Maybe Europe’s pharma sector can save itself

09 Mar 2011 | Viewpoint
As the second tranche of projects in the €2 billion Innovative Medicines Initiative was announced this week, a quick stock take of progress to date hints at what this wide-ranging collaboration could deliver

Faced with the well-rehearsed problems of rising R&D costs and falling productivity in drug discovery and development, the US National Institutes of Health recently announced plans for a National Center for Advancing Translational Science (NCATS). The centre will open in 2012 with $1 billion of funding per annum, and a brief to reinvigorate the process of taking basic science through to the clinic and into new therapies.

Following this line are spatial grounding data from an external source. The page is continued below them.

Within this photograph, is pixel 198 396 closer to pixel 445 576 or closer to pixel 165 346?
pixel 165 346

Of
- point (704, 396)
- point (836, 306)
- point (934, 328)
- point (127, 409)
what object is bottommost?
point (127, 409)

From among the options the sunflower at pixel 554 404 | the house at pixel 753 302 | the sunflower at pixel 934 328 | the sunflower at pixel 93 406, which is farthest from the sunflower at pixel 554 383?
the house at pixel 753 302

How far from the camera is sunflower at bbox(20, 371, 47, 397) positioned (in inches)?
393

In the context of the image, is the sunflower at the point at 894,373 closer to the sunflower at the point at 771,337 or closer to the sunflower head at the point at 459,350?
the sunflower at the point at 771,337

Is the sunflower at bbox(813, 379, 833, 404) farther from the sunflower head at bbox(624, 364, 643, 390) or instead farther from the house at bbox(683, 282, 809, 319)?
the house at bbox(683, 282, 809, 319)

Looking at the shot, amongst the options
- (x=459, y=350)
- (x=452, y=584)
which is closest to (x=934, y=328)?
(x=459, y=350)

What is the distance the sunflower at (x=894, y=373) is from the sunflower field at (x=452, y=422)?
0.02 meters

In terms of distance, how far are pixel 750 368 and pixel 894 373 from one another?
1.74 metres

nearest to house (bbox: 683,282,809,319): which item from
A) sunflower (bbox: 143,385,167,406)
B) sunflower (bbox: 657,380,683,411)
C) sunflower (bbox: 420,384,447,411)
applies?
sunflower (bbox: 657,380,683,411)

For once, Europe is ahead of its US counterparts, with the Innovative Medicines Initiative (IMI), the €2 billion programme, half-funded by the Commission and half by the industry, which after four years in gestation was launched late in 2007.

NCATS – and it should be said, a number of similar measures by public funders in Europe – is trying to solve the problem of low productivity by getting basic researchers to work on their compounds and projects for longer  - a move that merely shuffles the risks and costs away from pharma and onto the public sector.

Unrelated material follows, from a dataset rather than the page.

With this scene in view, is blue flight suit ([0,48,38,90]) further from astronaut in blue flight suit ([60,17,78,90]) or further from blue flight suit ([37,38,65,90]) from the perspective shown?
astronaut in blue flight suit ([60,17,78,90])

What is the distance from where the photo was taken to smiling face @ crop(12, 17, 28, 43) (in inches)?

IMI on the other hand, has the ambition of remodelling the discovery and development process, by pulling pharma companies, biotechs, academics and patients’ groups into broad collaborations to precisely scope the medical need and develop new tools that will address the safety, efficacy and knowledge management issues that are stifling progress.

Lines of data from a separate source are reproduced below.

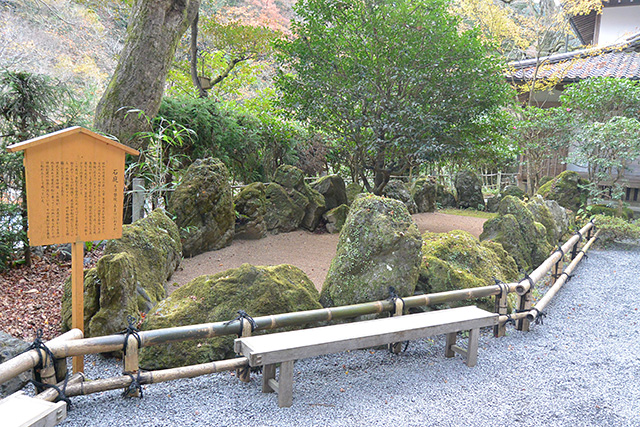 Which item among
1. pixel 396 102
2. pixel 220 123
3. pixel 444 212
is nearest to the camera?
pixel 396 102

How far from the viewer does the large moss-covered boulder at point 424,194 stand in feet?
38.7

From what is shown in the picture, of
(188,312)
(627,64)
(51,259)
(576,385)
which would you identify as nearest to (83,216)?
(188,312)

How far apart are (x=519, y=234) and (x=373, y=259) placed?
350 centimetres

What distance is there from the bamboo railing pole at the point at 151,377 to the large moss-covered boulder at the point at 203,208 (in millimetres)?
3439

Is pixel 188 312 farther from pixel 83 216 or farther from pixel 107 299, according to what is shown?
pixel 83 216

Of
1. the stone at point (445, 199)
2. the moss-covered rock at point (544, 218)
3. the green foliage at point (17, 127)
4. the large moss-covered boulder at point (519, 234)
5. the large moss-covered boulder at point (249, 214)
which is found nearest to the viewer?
the green foliage at point (17, 127)

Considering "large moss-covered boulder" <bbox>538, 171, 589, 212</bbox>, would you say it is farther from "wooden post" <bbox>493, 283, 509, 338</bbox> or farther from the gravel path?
"wooden post" <bbox>493, 283, 509, 338</bbox>

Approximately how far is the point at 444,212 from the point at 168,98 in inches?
313

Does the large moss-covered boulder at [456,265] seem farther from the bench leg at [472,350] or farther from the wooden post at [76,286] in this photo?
the wooden post at [76,286]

It’s a grand – some may say grandiose – undertaking, fraught with risk, Can pharma companies truely put their competitive instincts to one side and collaborate with their rivals? Can such large-scale, cross-boundary projects really function and be productive?

Last year there were rows about intellectual property rights and the funding model, with academics and biotech industry groups saying these issues were deterring them from getting involved, suggesting the legal, administrative and scientific complexities of IMI could make it untenable.

Well, this week provided the first opportunity for the wider public to form a judgement on how the IMI is operating and progressing, when the announcement of the second tranche of projects with total funding of €172 million, was accompanied by a progress report on some of the first wave of projects, which have now been running for a year or so.

Here was news of some initial, concrete outputs. Take for example the NEWMEDS project, which has compiled the biggest database ever on schizophrenia – with more than 10,000 patients included, and has begun to pioneer research combining genetic and imaging to put this information to use in improving treatments. Nine pharma companies, seven academic teams and SMEs are involved in this project.

Similarly, the U-BIOPRED project, which has 35 participants drawn from across 13 European member states, has developed an international consensus statement on the classification of patients with severe asthma and produced a new algorithm for use in clinical research.

IMI’s education and training programmes, PharmaTrain, EMTRAIN, Eu2P and SafeSciMET have now launched new European standards for graduate and post-graduate courses in medicines research, through the collaboration of 85 public and private partners.

IMI is also providing a new and more neutral forum for the industry to interact with the regulators. In the PROTECT project the European Medicines Agency (EMA) is coordinating work to develop pharmacovigilance tools, while the SAFE-T project is talking to the US Food & Drugs Administration (FDA) and the EMA about the strategy for qualifying biomarkers of drug safety for use in clinical trials.

Perhaps more significant was the assessment of Roch Doliveux, CEO of the Belgian pharma company UCB and member of the board of the European Federation of Pharmaceutical Associations (EFPIA), the body that is coordinating the industry’s involvement in IMI, who noted that the EFPIA now views IMI as a key instrument in implementing new business models that will “ensure the sustainability” Europe’s pharmaceutical industry. “The industry has reached an inflection point where public private partnerships, based on open innovation networks, will improve the efficiency of pharmaceutical companies in bringing safe, efficacious, cost-effective treatments to patients.” Doliveux said.

The outcomes to date may be slight progress in the face of the mountain that needs to be climbed. But they do represent an important start. IMI has established based camp. Now it can begin to contemplate the ascent.